Prepare the Cherries
- Wash the cherries.
- Split the cherries open, keeping the pits.
- Freeze the cherries and pits.
- Defrost the cherries.
When primary fermentation is done or almost done:
Combine Cherries and Base Beer
- Rack the beer to another primary fermenter (you need the headspace when the fruit starts fermenting).
- Add the cherries.
Fermentation will restart. Leave the cherries on the beer for at least two weeks (I’ll try three weeks next time).
Finish
- Rack to secondary.
- Refridgerate to clear the beer.
- Bottle or keg as normal.
Ingredients
- 4.5 kgs (10 lbs) 2-Row
- .45 kgs (1 lb) Barley Flakes
- .23 kgs (.5 lbs) Crystal
- .23 kgs (.5 lbs) Wheat Malt
- .23 kgs (.5 lbs) Chocolate Malt
- 28 g (1oz) Northern Brewer (boil)
- Wyeast 1056 American Ale
- 1 kg (2.2 lbs) Sweet Cherries
- .9 kgs (2 lbs) Sour Cherries
OG = 1.048
FG = 1.015
Note: The actual alcohol content is much higher because the sugar from the fruit is not counted in this calculation.
Brewers Notes
If I had my experimental platform set up when I brewed this, then I probably would have made a small lambic version on the side.
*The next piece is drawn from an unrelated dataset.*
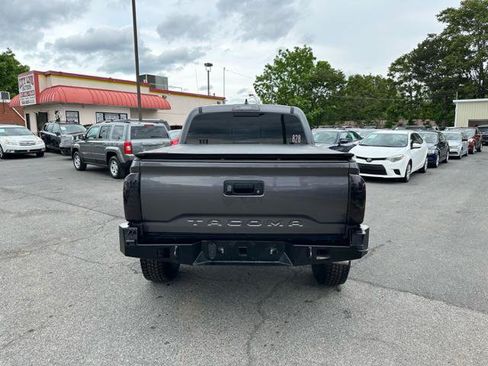 Used 2017 Toyota Tacoma TRD Sport AWD/4WD image 6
I think this recipe would be perfect as a lambic.
You could also make this in to a fruitier beer. I don’t think I would go over 1.4 kgs (3 lbs) of sour cherries because this recipe is pleasantly sour, but I’d be willing to try between 2-3 kgs (4.4-6.6 lbs) of sweet cherries. I’d love to hear from people who have used a larger quantitiy of cherries in their beers.
I don’t advise using fewer cherries. The cherry flavour in this recipe is already quite subtle.